Last week, I delved into the history of Kenyan golf, following a most riveting interview with Duncan Ndegwa, one of Kenya’s pioneer African golfers. Following that article, I have received numerous responses for even more golf history. The history of Kenyan golf dates back to the colonial era, after all, golf was gifted to us by the early British settlers. During the early 1900s, every District Commissioner apparently constructed his own private golf course and thus was borne the majority of the nearly 40 courses across Kenya.
After Kenya got her independence, golf and golf courses were seen as colonial relics, and some African leaders went out of their way to ‘eradicate’ these courses. The courses in Muranga, Meru, Embu and parts of the North Eastern Province disappeared during this purge.
Stories are told of a golf course in North Horr in Marsabit – I have seen no evidence of the same, but I have no doubt such a course once existed. The Kiambu course just barely survived and Nyeri lost 9-holes to the enemies of the sport. In more recent times, we have lost the course at Molo – famous for being perhaps the only golf course in the world where you could tee off in the Northern Hemisphere and hole out in the Southern Hemisphere across the Equator.
We have also lost the Makuyu course – more to legal wrangles between the membership and Kakuzi Ltd. The course at Magadi has also disappeared, perhaps golfers found the course a bit too salty for their liking? Across the country, many other smaller golf clubs are barely making ends meet and are in real danger of extinction.
Over the last decade, perhaps longer, I have made numerous attempts to piece together the history of Kenyan golf, and there should be a lot, unfortunately, information from individual golf clubs is scanty at best, as golfers we have done a poor job at documenting our history. The history of golf courses long gone, like those in Meru and Embu is literally non-existent; I have found no photos, not a paragraph on some of these courses. Their very existence remains only as fragments in the mind of aging locals.
This year, the Kenya Golf Union (KGU) celebrates 90-years of existence, making it the longest running sports union in Kenya. The KGU must be commended for keeping a ‘clean sheet’ in the sports arena that is more known for poor governance, mismanagement and political upheaval. The Kenya Open Golf Championship also celebrates its golden jubilee this year; again this is probably the longest running sports event in Kenya. And with a Sh65 million prize kitty in 2018, the Kenya Open is hands down the most lucrative sporting event in Kenya and East Africa.
The Royal Nairobi Golf Club celebrated 100-years of existence in 2006 and the Muthaiga Golf Club celebrated its 90th birthday in 2017. The Mombasa Golf Club was founded in 1911, making it 107 years old and the Kiambu Golf Club was established in 1916, making it 102 years old whilst Kitale Club was founded in 1924, making it 94 years old.

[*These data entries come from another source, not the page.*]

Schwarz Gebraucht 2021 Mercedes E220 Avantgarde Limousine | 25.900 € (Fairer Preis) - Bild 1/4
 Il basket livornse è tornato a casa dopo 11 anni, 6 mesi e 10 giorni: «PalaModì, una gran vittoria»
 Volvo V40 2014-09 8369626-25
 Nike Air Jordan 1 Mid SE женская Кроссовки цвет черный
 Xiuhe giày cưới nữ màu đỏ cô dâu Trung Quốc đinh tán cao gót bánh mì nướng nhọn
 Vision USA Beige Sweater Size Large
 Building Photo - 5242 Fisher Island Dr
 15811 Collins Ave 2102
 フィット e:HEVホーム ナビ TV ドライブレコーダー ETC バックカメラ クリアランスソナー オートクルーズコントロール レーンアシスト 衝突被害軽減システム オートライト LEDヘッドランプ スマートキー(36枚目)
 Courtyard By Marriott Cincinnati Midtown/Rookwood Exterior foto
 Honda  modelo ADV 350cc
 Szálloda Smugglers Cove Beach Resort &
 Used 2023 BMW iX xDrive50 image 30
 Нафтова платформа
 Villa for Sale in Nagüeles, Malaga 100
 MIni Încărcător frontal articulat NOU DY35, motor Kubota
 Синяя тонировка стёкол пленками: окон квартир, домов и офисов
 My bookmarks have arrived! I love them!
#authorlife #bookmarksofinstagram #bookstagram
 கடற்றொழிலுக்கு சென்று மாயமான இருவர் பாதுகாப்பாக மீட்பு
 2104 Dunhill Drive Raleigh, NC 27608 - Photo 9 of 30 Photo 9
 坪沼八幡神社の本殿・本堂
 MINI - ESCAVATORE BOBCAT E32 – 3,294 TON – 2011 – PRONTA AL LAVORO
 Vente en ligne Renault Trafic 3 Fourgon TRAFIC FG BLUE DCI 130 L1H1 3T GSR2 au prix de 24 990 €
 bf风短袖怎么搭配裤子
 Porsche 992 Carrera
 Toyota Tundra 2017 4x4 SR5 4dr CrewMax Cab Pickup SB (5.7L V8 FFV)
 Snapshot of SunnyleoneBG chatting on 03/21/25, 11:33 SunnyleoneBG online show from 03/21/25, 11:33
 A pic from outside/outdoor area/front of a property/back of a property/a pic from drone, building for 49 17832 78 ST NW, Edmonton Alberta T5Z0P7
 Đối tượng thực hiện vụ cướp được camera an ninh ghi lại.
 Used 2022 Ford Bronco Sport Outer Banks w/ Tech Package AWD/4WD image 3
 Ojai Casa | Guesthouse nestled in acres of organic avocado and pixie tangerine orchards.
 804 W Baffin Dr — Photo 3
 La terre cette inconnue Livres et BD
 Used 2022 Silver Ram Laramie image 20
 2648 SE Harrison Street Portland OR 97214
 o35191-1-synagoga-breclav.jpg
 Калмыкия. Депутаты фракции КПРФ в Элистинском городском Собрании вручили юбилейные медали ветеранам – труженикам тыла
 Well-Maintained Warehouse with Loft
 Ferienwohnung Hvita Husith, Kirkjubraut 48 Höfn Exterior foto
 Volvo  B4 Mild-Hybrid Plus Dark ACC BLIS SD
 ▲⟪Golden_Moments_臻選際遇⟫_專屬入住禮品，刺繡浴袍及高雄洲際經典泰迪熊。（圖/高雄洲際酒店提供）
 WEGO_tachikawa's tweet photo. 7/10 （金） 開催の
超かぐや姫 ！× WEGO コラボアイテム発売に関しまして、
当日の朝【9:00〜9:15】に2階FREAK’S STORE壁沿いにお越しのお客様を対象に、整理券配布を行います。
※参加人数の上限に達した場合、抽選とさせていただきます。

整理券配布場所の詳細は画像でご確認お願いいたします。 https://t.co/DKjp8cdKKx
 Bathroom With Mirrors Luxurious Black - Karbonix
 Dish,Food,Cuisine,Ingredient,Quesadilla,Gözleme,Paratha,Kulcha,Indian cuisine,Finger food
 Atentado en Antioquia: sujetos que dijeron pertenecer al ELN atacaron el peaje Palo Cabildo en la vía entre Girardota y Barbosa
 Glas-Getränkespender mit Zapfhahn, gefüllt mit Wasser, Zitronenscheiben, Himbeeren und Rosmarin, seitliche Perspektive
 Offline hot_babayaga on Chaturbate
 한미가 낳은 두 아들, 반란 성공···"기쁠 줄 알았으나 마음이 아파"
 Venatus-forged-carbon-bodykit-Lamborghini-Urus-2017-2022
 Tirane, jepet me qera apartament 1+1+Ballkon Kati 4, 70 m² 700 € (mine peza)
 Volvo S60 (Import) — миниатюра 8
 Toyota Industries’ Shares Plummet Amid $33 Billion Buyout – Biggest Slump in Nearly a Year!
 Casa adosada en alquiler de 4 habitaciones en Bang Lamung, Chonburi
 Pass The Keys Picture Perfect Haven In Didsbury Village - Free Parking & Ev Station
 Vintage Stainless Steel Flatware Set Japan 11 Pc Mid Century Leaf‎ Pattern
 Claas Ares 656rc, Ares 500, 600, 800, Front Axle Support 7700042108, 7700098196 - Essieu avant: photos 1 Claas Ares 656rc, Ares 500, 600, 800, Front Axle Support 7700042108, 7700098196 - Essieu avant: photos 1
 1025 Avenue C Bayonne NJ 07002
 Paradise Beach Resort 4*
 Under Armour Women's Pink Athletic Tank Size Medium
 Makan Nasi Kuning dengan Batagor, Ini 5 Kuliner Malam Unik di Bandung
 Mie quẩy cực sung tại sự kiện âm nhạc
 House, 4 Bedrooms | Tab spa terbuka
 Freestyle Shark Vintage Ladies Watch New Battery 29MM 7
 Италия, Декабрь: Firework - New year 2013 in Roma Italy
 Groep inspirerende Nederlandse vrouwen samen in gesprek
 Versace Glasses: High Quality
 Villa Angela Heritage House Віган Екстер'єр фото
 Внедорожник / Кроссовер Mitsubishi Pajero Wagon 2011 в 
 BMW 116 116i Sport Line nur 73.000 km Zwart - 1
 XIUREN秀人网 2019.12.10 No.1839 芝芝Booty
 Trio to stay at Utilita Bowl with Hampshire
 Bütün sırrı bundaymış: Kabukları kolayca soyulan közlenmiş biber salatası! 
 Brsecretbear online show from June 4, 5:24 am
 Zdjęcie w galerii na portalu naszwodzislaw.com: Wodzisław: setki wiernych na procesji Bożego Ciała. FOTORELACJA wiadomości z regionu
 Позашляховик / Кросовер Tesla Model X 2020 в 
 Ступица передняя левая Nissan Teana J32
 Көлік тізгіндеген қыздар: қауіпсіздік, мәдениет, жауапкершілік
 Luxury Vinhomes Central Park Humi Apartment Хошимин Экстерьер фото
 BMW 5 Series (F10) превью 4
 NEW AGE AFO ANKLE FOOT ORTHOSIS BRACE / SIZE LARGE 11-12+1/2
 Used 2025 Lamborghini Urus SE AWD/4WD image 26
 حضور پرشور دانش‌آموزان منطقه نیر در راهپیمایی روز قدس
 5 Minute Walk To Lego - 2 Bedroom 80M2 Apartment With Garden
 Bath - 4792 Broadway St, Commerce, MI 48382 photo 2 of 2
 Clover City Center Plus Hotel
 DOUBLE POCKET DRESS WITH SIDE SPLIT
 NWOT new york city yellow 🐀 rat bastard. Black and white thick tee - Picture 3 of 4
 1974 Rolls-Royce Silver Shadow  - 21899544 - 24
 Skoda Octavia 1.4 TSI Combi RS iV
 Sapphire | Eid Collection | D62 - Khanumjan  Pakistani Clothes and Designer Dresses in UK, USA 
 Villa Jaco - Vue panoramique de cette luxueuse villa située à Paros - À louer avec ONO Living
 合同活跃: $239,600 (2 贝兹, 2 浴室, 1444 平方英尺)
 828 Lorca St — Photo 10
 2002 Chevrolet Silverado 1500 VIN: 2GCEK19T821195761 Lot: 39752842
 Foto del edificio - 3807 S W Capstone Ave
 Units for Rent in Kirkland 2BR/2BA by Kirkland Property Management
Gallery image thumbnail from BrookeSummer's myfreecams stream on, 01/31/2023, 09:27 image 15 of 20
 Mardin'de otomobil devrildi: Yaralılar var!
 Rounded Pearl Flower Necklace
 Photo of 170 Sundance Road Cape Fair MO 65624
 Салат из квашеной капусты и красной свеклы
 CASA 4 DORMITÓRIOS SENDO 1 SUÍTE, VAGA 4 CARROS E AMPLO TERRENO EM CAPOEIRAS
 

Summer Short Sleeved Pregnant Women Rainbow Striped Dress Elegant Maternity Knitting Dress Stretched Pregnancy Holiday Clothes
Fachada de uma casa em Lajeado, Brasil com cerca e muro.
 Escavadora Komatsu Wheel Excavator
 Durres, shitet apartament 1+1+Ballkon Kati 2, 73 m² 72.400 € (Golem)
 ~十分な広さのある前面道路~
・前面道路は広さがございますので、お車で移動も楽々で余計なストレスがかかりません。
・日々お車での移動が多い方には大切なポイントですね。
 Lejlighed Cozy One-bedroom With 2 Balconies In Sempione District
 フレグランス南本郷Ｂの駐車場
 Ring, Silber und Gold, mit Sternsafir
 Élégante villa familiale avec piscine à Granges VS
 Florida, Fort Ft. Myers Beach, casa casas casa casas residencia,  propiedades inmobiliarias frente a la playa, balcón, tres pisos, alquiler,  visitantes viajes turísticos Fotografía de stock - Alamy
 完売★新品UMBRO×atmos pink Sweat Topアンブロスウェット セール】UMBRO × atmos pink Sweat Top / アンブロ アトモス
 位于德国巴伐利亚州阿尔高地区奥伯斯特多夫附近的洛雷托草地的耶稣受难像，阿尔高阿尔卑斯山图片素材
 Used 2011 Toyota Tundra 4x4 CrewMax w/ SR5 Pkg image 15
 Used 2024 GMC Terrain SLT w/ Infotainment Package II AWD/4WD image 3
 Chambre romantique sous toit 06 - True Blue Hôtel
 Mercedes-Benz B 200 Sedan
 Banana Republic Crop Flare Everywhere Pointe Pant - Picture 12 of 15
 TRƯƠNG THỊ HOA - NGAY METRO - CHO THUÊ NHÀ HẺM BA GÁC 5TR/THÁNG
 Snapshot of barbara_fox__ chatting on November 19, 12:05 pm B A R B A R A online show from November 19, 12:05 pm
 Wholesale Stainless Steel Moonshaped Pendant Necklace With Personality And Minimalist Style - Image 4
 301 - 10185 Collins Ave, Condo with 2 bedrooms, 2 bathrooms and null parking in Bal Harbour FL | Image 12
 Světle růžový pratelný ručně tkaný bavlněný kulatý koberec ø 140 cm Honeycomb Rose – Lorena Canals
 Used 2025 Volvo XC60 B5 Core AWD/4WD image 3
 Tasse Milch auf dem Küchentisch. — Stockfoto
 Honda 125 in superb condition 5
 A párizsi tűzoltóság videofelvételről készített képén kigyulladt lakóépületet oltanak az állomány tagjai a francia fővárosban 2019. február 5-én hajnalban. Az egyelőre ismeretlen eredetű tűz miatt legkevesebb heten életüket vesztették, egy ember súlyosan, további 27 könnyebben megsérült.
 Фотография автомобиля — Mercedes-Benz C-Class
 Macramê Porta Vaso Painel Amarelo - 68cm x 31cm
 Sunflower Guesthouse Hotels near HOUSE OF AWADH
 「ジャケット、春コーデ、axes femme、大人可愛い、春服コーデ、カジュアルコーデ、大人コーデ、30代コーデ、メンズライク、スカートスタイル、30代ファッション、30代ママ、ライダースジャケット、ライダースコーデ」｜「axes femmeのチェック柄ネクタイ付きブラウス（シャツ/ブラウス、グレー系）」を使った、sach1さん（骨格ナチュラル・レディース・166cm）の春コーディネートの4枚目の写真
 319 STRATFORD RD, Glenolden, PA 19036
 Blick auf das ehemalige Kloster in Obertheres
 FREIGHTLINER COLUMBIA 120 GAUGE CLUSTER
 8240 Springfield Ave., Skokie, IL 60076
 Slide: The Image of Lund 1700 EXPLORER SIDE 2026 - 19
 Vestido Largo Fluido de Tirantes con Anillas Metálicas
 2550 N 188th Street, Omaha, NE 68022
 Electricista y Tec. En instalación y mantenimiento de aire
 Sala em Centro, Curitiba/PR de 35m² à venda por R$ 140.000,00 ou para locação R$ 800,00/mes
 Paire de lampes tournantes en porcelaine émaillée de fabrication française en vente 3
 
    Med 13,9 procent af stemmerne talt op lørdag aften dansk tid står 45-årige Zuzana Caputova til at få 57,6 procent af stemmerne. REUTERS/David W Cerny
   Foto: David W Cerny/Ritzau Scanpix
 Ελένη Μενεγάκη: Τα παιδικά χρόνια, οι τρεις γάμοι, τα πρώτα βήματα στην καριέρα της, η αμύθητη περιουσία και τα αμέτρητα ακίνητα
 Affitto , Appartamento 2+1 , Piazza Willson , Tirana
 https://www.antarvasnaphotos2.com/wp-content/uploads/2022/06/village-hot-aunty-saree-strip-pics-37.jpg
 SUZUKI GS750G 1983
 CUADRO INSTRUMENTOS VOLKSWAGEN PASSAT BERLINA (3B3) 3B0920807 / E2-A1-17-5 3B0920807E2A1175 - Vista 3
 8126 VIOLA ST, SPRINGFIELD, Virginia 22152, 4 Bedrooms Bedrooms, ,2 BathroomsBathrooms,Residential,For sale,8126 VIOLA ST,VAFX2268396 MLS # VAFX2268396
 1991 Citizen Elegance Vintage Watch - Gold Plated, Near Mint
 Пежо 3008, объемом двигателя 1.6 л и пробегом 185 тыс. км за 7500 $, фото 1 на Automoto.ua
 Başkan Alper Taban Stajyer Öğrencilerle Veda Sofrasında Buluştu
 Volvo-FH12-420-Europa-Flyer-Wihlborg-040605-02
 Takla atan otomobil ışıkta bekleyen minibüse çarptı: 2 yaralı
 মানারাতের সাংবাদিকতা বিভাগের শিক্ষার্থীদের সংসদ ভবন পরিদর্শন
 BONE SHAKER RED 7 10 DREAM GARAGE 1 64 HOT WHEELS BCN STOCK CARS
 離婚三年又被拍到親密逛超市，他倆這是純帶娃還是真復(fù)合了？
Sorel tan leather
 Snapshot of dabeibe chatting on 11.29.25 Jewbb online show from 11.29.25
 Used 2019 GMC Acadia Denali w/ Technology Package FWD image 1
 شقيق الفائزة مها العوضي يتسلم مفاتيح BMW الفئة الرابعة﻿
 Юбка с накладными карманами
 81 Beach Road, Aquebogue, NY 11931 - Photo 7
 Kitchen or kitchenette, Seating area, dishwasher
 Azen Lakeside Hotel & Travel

With this rich heritage and history, one would expect to find tonnes of historical material from Malindi to Kitale and from Muthaiga to Royal and Makuyu, but unfortunately, piecing together the history of golf in Kenya is a daunting task, one best left to perhaps an archaeologist.
I will continue to dig for the history of golf in Kenya, and I will publish what I find. I invite you to send me any information you may have as an individual and I challenge golf clubs to make it their duty to piece together their own history and to share the same with all of us.